Edito
8 Mars, la Journée internationale des Femmes et le poids des mots
Durant des années les médias lui ont substitué pour titre « La fête des femmes » ce qui suscitait de bonnes blagues, style « Messieurs c’est votre jour de vaisselle ». Puis ce fut « La Journée de la femme ». Supprimer la dimension pluriel de cette journée n’a rien de neutre, ni d’un oubli, mais gomme sa dimension collective et l’idée de revendications sociales nécessitant la lutte des femmes. Depuis quelques années on parle de « Journée des droits des femmes ». Il y a amélioration mais toujours l’amputation d’un aspect important : la dimension internationale qui sous-entend la défense de valeurs universelles menées en commun par les femmes à travers le monde : la lutte pour la Paix ou la solidarité avec celles qui osent relever la tête dans les régimes autoritaires ou de dictature. Cette réduction encore une fois permet la dérive. Pour exemple l’émission (animée par une femme) sur France Inter ce 8 mars 2021 « Le téléphone sonne ». Fabienne Sintes a choisi pour thème « Le droit de jouir ». Sans contester l’intérêt du sujet, qui pouvait se traiter l’un des 364 autres jours de l’année, choisir le 8 Mars pour l’aborder a évité à la chroniqueuse de s’engager sur le terrain de revendication politique que symbolise cette journée. Le patronat était hors de cause et le pouvoir aussi…
Elle aurait pu proposer au débat l’étude, peu connue, du fait que chaque jour, à partir de 15h40, les femmes travaillent gratuitement ou appeler à témoigner celles qui sont « en première ligne » dans le privé et dans la fonction publique, où elles sont plus de 62% avec des inégalités salariales de 19% par rapport aux hommes du fait du plafond de verre et des primes auxquelles leurs métiers n’ont pas accès.
Sur l’aspect international et pour combattre les idées reçues, elle aurait pu donner la parole aux femmes de plus en plus nombreuses en Afrique à s’engager dans les métiers scientifiques, comme l’a fait la matinale de RFI en invitant la chercheuse congolaise Francine Ntoumi qui travaille à combattre le paludisme.
Elle aurait pu faire appel aux témoignages des personnes solidaires à l’international. J’aurais alors appelé pour faire connaître la militante féministe soudanaise Waad Bahjet convoquée par la justice le 11 mars 2021 pour avoir filmé en direct les discriminations et les difficultés quotidiennes auxquelles sont confrontées les femmes de son pays. La trentenaire, ingénieur diplômée de biologie et de géologie risque un an de prison pour avoir posté sur internet sa vidéo en novembre 2020. Embarquée de force par des policiers, elle a passé dix heures au poste d’Al-Imtedad : «Ils m’ont enfermée dans une cellule, j’en suis sortie vers 2 heures du matin. Au Soudan, une femme en prison est très mal vue. Les militaires ont essayé de me briser de m’intimider, ma famille m’a suppliée de me ranger. Mais je continuerai à me battre pour mes droits».

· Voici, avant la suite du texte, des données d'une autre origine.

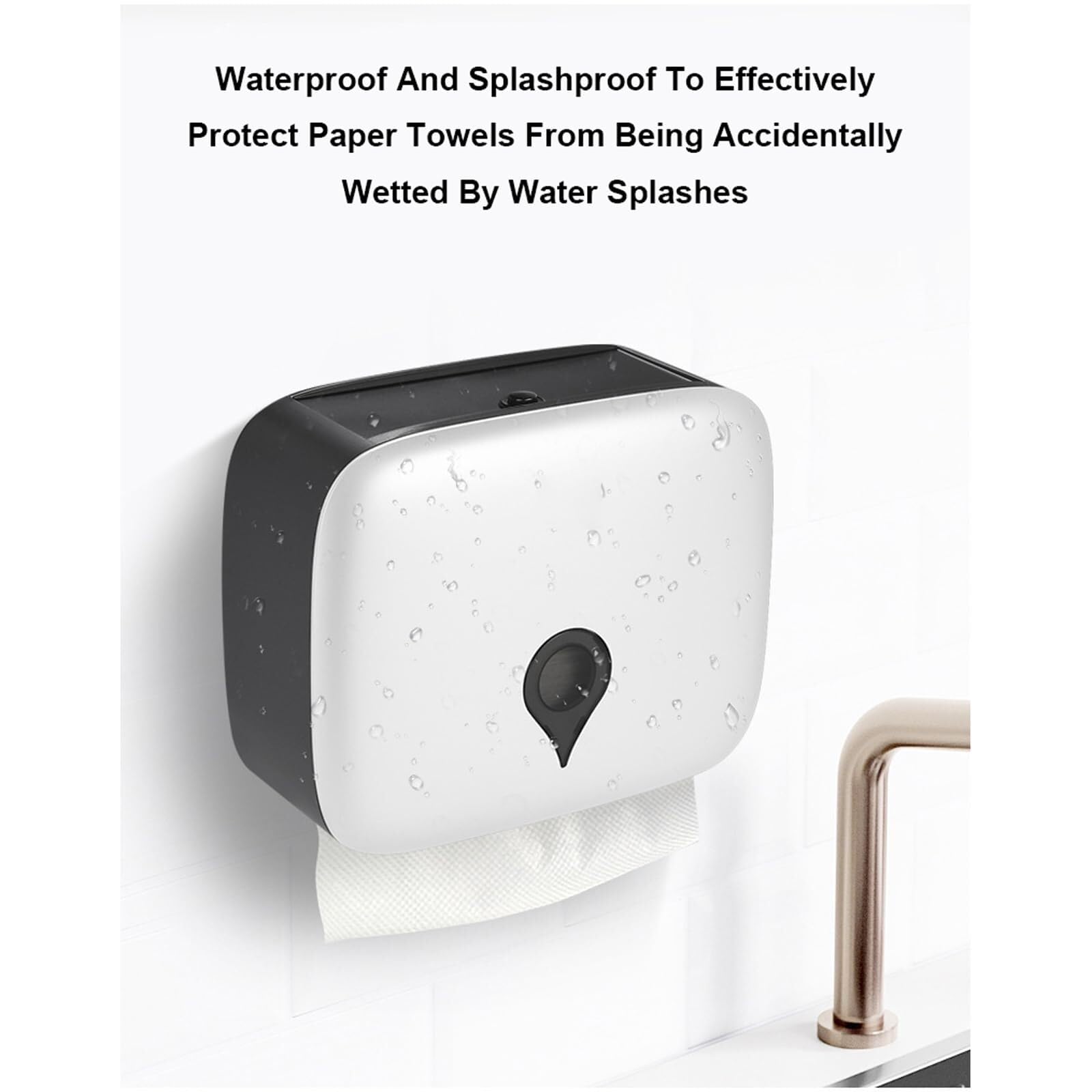 Dispensador de toallas de papel multipliegue, para montaje en pared, con botón, dispensador de toallas de mano, dispensador de papel higiénico impermeable para papel de triple pliegue/plegado en C/Z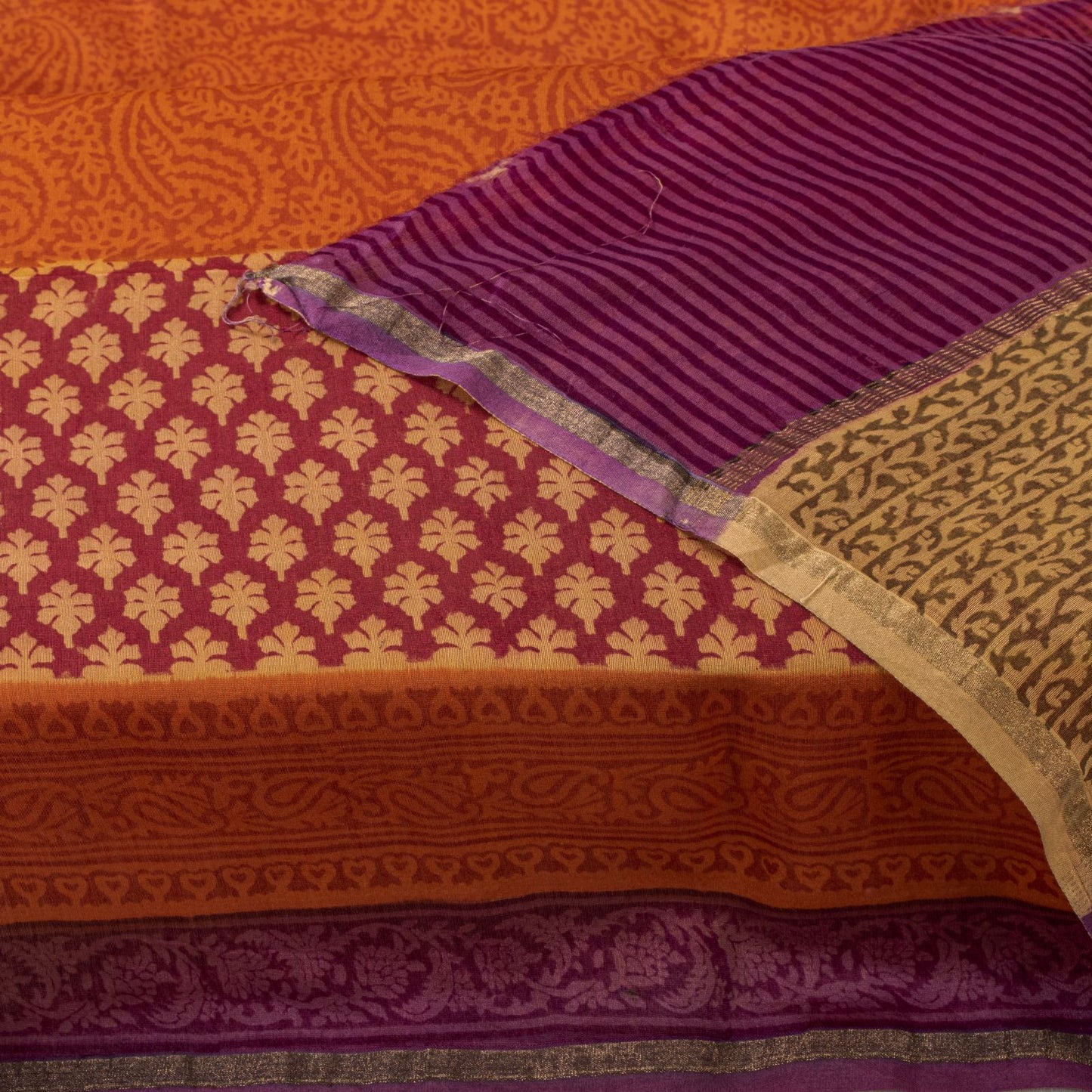Sanskriti Vintage Orange Cotton Silk Dupatta/Stole Hand Block Print Indian Veil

J’aurais aussi pu évoquer la militante sahraouie Sultana Khaya, dont les forces de police assiègent la maison à Boujdour et qui après lui avoir crevé un il à l’université de Marrakech, ne manquent pas l’occasion de la tabasser en la menaçant de mort car elle persiste à revendiquer dans l’espace public et à sa fenêtre son droit à l’autodétermination.
Dommage que ce type de sujets ne soient pas venus à l’esprit de Fabienne Sintes.